I also like the approach you took with centralized data dictionary - it certainly is something the industry might need, I would wonder how it impacts change management though (especially in bigger companies).

Wishing you good luck!


Which bucket temporal.io and Azure Durable Functions that support `workflow as code` do fall into?


This is a very good point.

My current line of thinking is: A workflow is a workflow is a workflow. Titanoboa is built the way that pretty much everything it shuffles is data - and either it can be big (Airflow) or the steps can have side effects (iPaaS/Zapier).

The "no code" is achievable since adding more predefined steps is not that hard (there's not that many at the moment though) - see for instance https://github.com/mikub/titanoboa/wiki/Getting-Started-with... - you dont code, you just fill in properties, so it is very straightforward, pretty much like Zappier.

My aim in the iPaaS space is more at the enterprise level, where the predefined steps won't do anymore and you have to custom develop them anyway - so in that are I think Titanoboa shines since you really can rapidly prototype steps on the fly, a bit like Repl.it and Zapier together...
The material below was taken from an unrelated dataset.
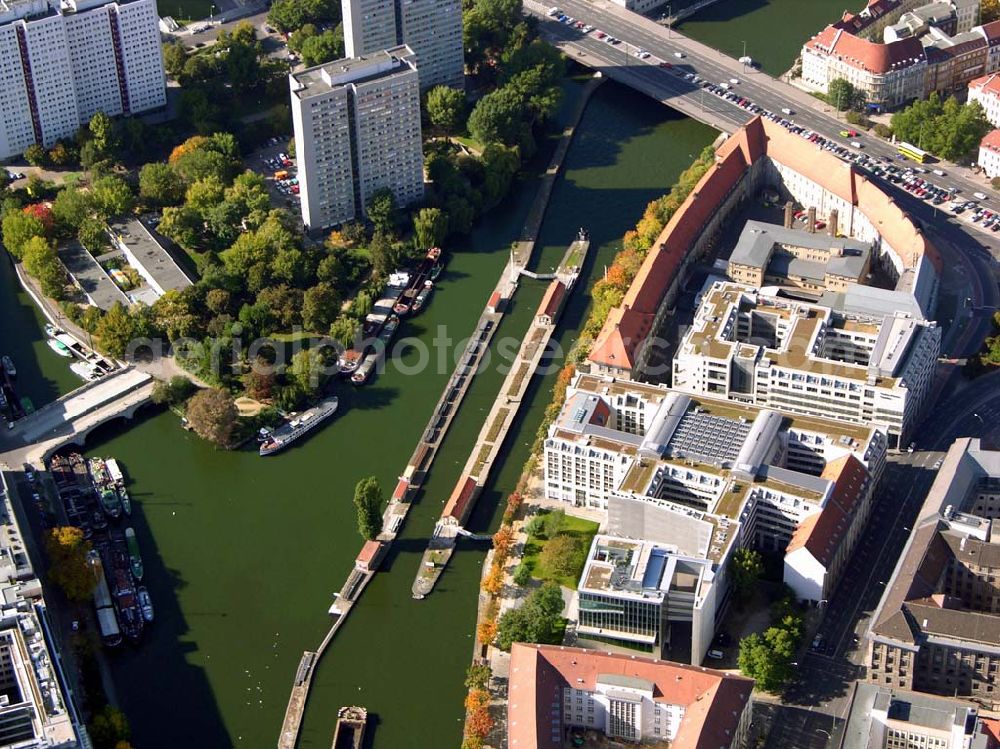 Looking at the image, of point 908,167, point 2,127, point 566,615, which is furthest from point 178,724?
point 908,167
I agree that it might be good to pick one audience, at this stage I am just experimenting if somehow I can market to both and don't mess up and confuse both groups.


Keep converging and building.

I have been experimenting with combinations of huggin, camunda, airflow and others to try and achieve an integrated workflow/state/process management.

There exists a gap in the enterprise space between all these tools.. and it has been further exacerbated by the disruption introduced to many industries by covid. There is a real opportunity for small and medium businesses to be able to access tooling that is beyond what a base line Zap, etc can accomplish.

Would be happy to connect offline.


Thanks! Will reach out when the traffic subsides :) Or feel free to shoot me an email, my email address is on the web page.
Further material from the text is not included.